Do you mean to do it explicitly, in case the ArrayRef implementation changes ?

llvm/unittests/Support/HashBuilderTest.cpp
27–37

https://reviews.llvm.org/D107781

This PR will have to be rebased once the prep is reviewed and lands.

39–45

Done. That makes it more usable indeed.
I kept the helper to keep the tests concise.

82–83

I have cleaned this up significantly as part of the endianness support. It does not look like what you suggest, but I think it is much better than before.
There is now a single ReferenceHashCheck handling all hasher types, with the three big, little, and native endiannesses.

This is the only test that verifies against a hard-coded reference hash. In my opinion it is valuable to ensure the stability of hashes across platforms.
Other tests rely on equality or difference of different hashes.

arames added inline comments.Aug 16 2021, 11:30 AM
llvm/unittests/Support/HashBuilderTest.cpp
102–103

I had borrowed the basic tests for hash_code, which did include it. I agree they bring no value here. Removed.

arames updated this revision to Diff 366685.Aug 16 2021, 11:31 AM
arames marked an inline comment as done.

Update test to compare against the hasher.

(Sorry it looks like I missed publishing a few earlier comments.)

I think this is getting close... I've found a few new things, and I apologize for not seeing them sooner.

Two high-level points, then more comments inline.

Firstly, I'm a bit concerned about the semantics of update(ArrayRef) (and update(StringRef) by proxy) due to inconsistency with HasherT.

  • HasherT::update(ArrayRef<uint8_t>) hashes the raw bytes pointed to by the array.
  • HashBuilder<HasherT>::update(ArrayRef) (including for uint8_t) hashes the size first, then the raw bytes.

This inconsistency could be confusing and error-prone.

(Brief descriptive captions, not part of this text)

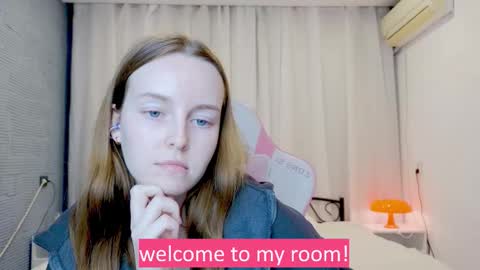 Snapshot of bae_cake__ chatting on October 6, 7:31 pm Alice online show from October 6, 7:31 pm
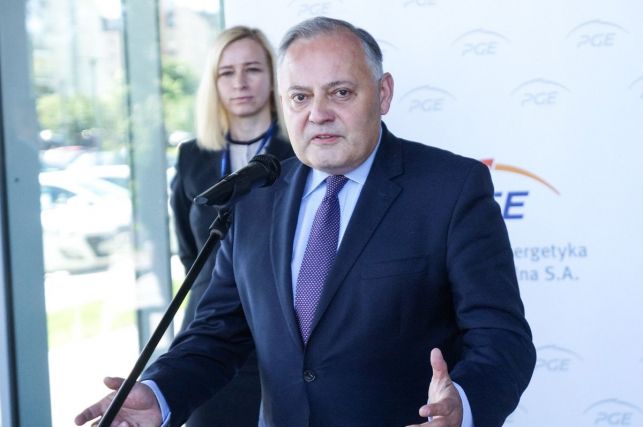 Prezes PGE odpowiada burmistrzowi w sprawie Złoczewa. Co dalej z kopalnianą odkrywką? - Zdjęcie główne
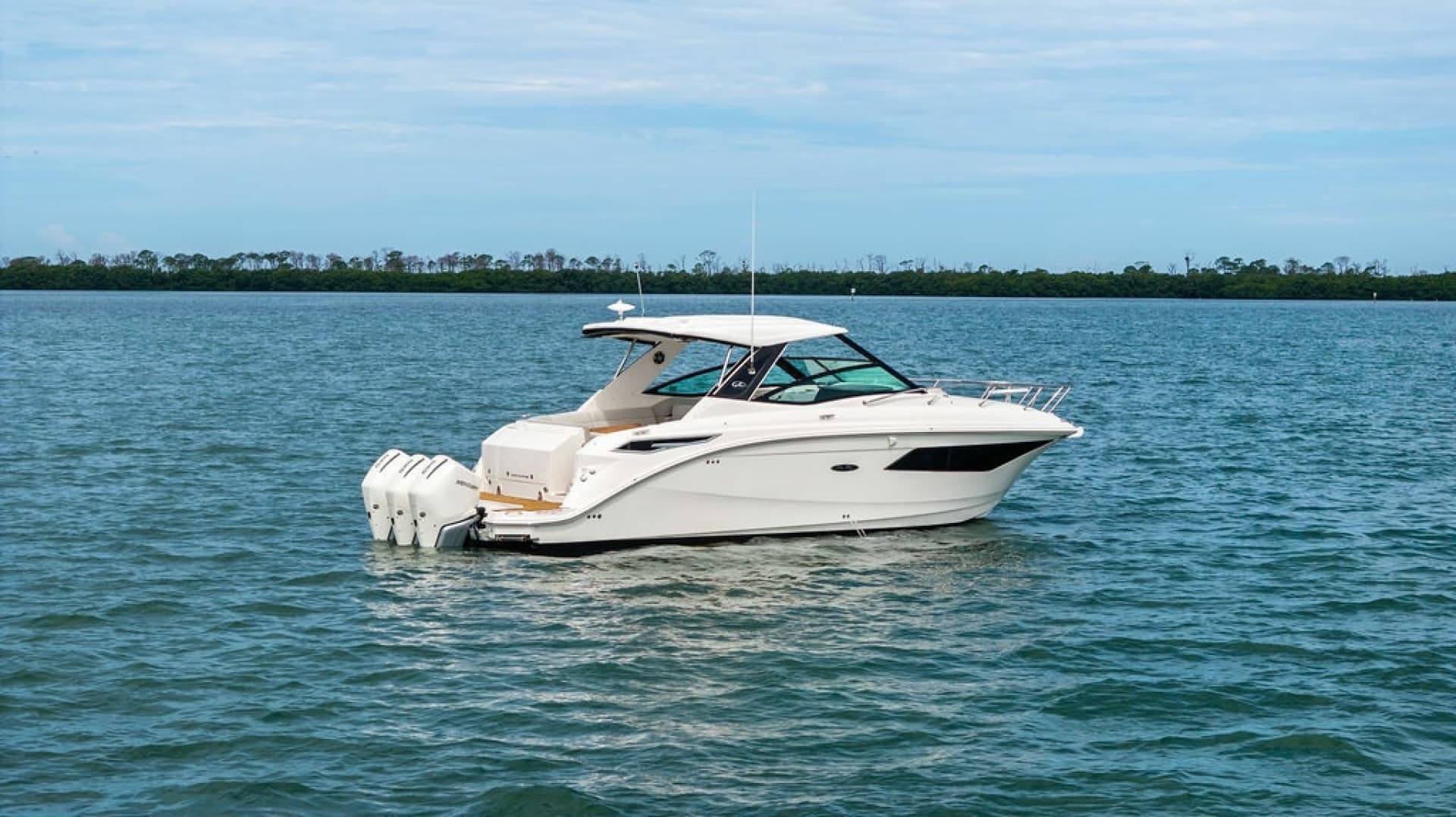 2022 Sea Ray Sundancer 320 Outboard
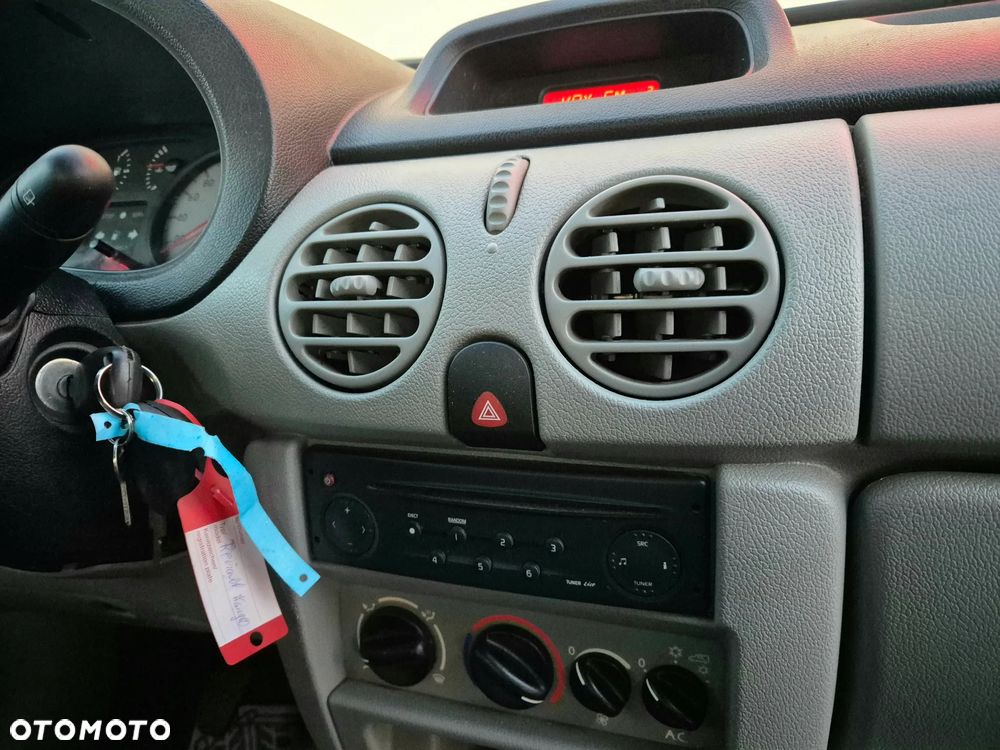 Renault Kangoo 4x4 1.6 16V Limited - 23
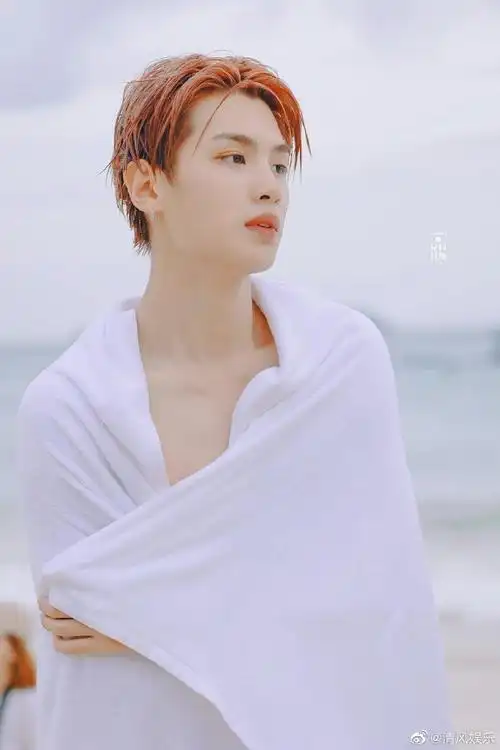 黄明昊海边湿发浴巾杀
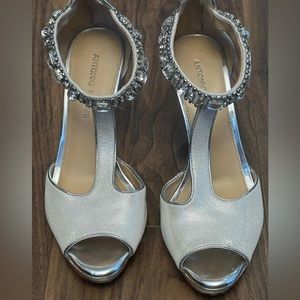 Antonio Melani heels
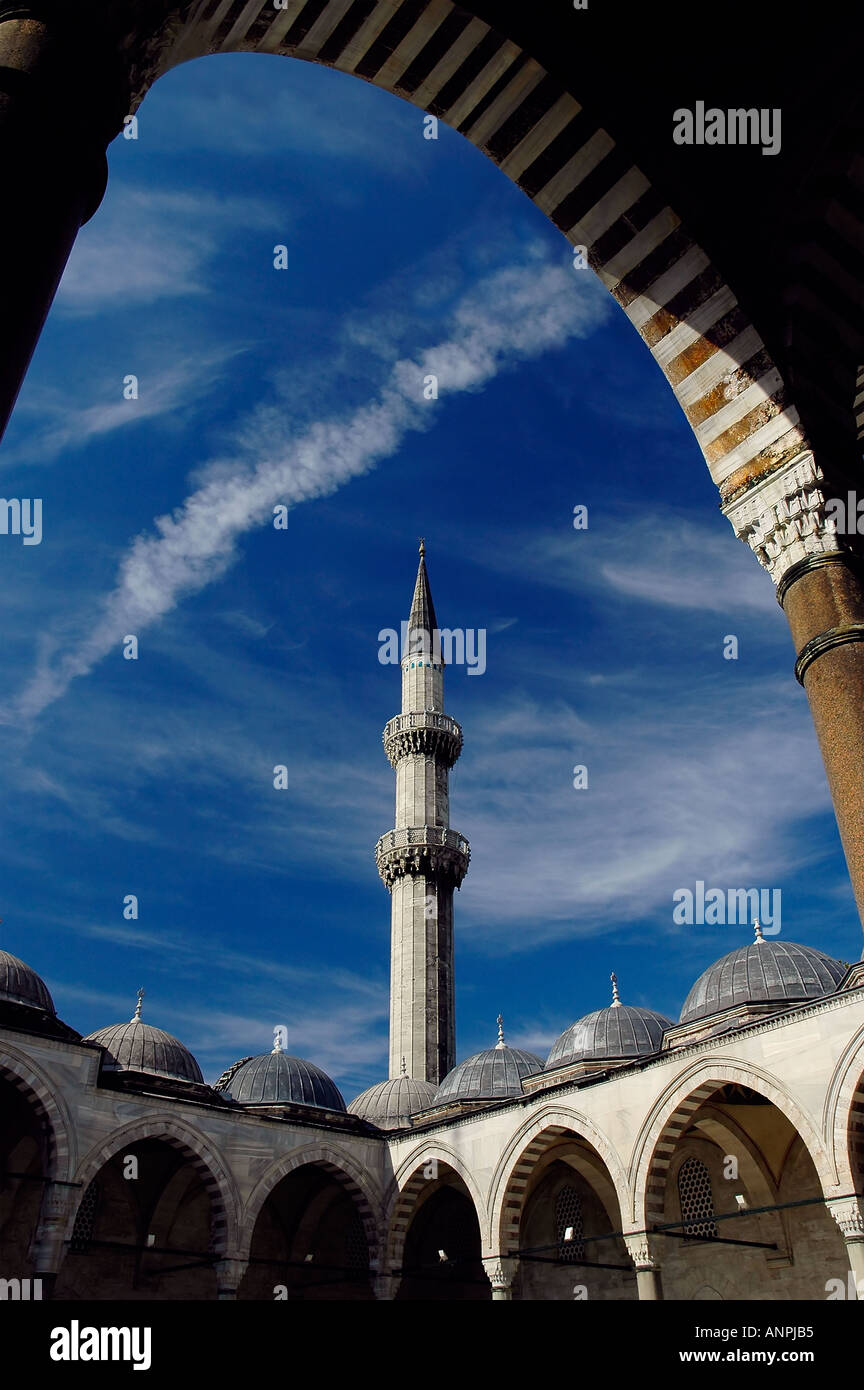 Arch-Kuppel Minarett Wolke blauer Himmel Süleymaniye-Moschee Stockfoto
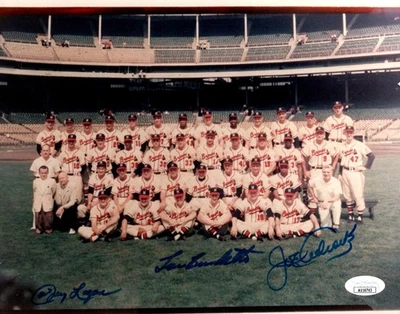 Foto autografiada 8x10 de Lew Burdette Joe Adcock Johnny Logan Bravos JSA AU16743 Foto 1 de 2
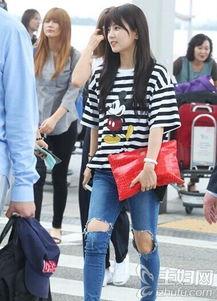 明星牛仔裤搭配图片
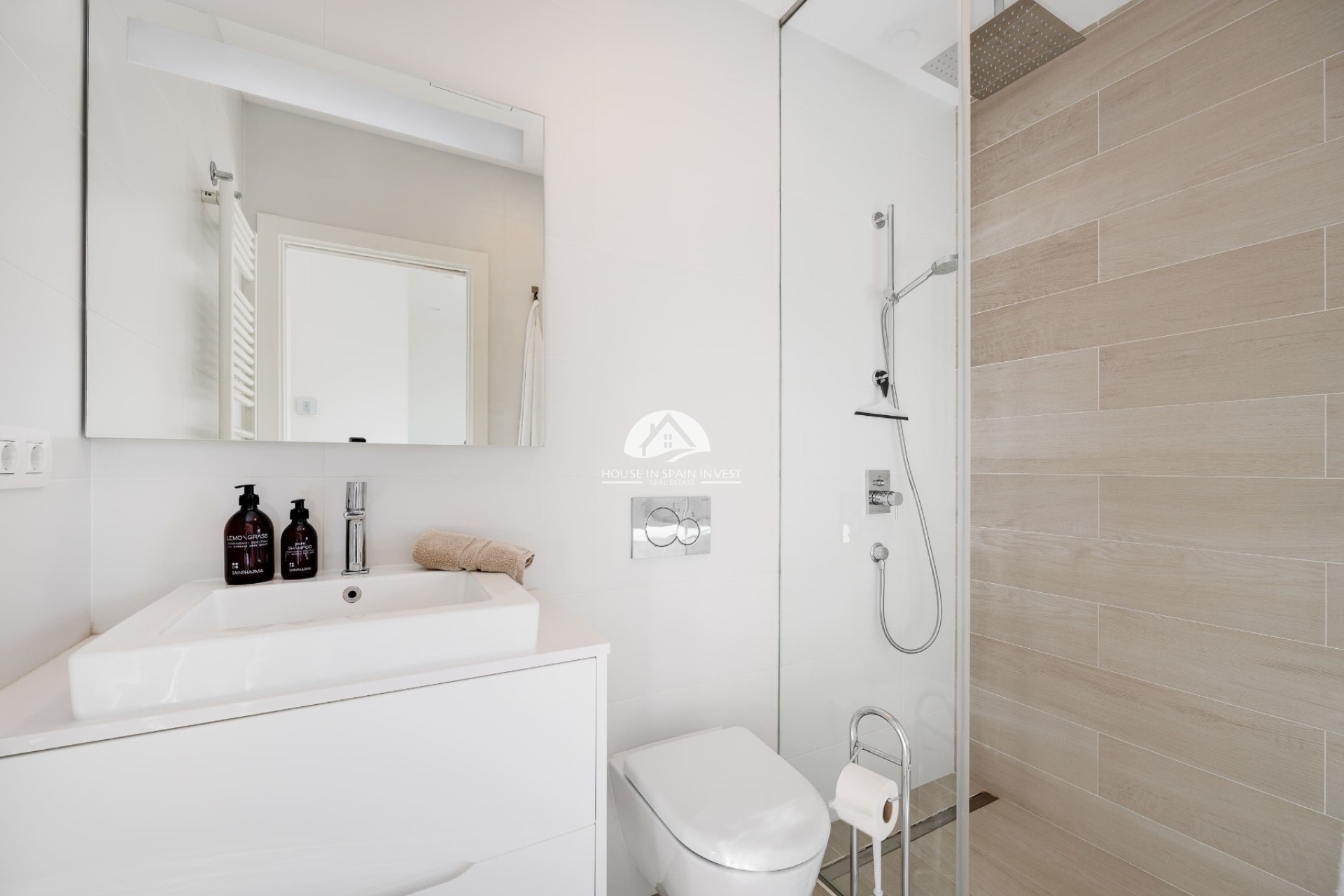 Reventa - Apartamento - Las Colinas Golf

I wonder if we should (mostly) avoid the word update in HashBuilder and use add instead. This also fixes the updateRange problem I point out inline (addRange works just fine without a preposition). We could leave update() around *just* for ArrayRef<uint8_t> (and maybe StringRef), forwarding to addElements/addRangeElements (see inline). The result would be:

  • HashBuilder<HasherT>::update does exactly the same thing as HasherT::update (also working with StringRef, for convenience)
  • HashBuilder<HasherT>::add (and add*) handles higher-level semantics, including primitives, endianness, ranges, etc.

Secondly, a base class that lacks the Endianness template parameter should probably be factored out to avoid bloating code once this starts getting used. I think there should be three layers.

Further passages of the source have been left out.